Les journaux officieux de Berlin rectifièrent : « Il n’est pas conforme aux usages diplomatiques de commencer, par des menaces de ce genre, les négociations sur les plaintes qu’un gouvernement se voit forcé d’adresser à un autre[2]. » La rectification était plus sévère que la fausse nouvelle et fit, une dernière fois, réfléchir Mercier.

Le chantage, à peine interrompu, du journal de Drumont reprit aussitôt, mélange savant de flatteries et de menaces. Visiblement, son inspirateur ordinaire s’alarme des nouvelles tergiversations de Mercier.

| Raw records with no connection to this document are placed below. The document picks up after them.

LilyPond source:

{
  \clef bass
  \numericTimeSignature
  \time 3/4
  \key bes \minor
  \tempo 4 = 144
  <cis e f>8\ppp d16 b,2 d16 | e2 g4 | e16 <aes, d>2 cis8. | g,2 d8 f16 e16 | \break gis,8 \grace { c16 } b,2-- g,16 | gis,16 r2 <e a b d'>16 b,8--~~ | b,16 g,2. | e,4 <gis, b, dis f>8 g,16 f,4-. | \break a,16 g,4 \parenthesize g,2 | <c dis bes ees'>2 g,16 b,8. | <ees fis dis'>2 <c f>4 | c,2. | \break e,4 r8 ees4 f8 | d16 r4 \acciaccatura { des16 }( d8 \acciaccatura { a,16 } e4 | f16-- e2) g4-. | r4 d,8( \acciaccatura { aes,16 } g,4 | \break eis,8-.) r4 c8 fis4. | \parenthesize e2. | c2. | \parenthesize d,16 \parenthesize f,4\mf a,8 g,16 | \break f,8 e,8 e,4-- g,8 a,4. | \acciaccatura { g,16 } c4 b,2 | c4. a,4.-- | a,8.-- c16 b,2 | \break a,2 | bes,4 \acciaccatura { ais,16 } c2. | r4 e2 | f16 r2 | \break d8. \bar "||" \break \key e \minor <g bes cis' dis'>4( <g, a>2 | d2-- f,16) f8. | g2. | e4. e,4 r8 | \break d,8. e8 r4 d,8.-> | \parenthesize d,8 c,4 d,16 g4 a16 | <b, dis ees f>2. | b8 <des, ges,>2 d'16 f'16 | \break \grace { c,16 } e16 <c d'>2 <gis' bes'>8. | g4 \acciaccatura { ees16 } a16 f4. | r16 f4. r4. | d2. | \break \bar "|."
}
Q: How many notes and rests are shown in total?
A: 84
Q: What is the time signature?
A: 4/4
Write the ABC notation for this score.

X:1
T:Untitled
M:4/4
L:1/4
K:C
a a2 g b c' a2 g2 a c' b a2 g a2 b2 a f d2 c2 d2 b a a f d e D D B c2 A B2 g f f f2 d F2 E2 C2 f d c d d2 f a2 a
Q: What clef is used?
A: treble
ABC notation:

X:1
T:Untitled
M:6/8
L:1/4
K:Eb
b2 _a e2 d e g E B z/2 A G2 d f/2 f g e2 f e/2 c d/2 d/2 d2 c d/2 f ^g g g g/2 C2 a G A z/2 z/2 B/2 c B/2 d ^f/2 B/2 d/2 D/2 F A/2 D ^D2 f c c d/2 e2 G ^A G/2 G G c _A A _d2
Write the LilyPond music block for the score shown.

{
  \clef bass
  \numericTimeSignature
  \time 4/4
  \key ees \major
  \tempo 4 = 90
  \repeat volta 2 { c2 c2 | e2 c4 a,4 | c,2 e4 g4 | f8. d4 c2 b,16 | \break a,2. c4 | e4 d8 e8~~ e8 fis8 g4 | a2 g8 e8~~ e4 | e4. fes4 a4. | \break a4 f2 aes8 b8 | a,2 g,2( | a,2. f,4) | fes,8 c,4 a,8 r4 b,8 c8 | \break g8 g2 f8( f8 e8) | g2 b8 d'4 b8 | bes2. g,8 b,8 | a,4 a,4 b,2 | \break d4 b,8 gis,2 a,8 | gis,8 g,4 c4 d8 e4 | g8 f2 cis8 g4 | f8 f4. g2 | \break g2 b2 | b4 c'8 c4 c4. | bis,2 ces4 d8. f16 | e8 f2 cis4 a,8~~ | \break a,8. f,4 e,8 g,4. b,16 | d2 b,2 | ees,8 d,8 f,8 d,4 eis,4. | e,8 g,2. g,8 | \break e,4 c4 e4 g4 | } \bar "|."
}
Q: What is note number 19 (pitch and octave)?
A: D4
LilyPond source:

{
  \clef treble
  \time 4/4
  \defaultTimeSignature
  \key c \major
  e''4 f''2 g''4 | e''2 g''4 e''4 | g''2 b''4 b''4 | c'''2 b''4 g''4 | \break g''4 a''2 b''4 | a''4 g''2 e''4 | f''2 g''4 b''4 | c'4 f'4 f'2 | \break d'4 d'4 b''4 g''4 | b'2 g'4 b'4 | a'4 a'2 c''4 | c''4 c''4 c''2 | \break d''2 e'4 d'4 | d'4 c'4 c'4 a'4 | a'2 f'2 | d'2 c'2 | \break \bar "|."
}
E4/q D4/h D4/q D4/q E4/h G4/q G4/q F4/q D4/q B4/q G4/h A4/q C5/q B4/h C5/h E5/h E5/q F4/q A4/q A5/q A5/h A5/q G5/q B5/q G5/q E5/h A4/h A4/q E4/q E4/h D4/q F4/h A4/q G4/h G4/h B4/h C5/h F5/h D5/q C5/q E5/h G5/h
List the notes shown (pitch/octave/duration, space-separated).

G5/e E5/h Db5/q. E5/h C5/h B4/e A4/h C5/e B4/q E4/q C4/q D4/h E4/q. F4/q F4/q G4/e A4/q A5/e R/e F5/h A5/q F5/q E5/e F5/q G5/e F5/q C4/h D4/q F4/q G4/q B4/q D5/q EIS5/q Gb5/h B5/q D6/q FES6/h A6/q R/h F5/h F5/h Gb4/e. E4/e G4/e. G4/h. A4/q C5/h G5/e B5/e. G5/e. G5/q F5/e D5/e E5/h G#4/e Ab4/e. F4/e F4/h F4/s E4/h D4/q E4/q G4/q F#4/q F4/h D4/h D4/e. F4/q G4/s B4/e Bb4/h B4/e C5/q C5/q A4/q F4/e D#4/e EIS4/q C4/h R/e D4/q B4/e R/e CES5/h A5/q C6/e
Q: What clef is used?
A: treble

Les indiscrétions recommencèrent, les informations, moitié fausses, moitié vraies. Soufflée par Henry, la Libre Parole déclara qu’une lettre avait été trouvée dans les papiers d’un attaché militaire de la Triple-Alliance, « pièce accablante pour Dreyfus », et tellement grave que, si les débats sont publics, « il faudrait s’attendre à tout ». Or, il serait question de la supprimer. Ainsi, « il ne resterait plus contre Dreyfus que des présomptions ; le but des juifs serait atteint[3] ».

Hanotaux porta cet article au président du Conseil, lui rappela, une fois de plus, les précédents de l’affaire, ses prévisions réalisées par l’événement. Dupuy, piteusement, lui « déclara qu’il n’avait jamais pu saisir

  1. Tagblatt de Berlin, Correspondance de Hambourg, etc.
  2. Gazette de l’Allemagne du Nord et Post du 7 décembre.
  3. Libre Parole du 7 décembre, article de Gaston Méry.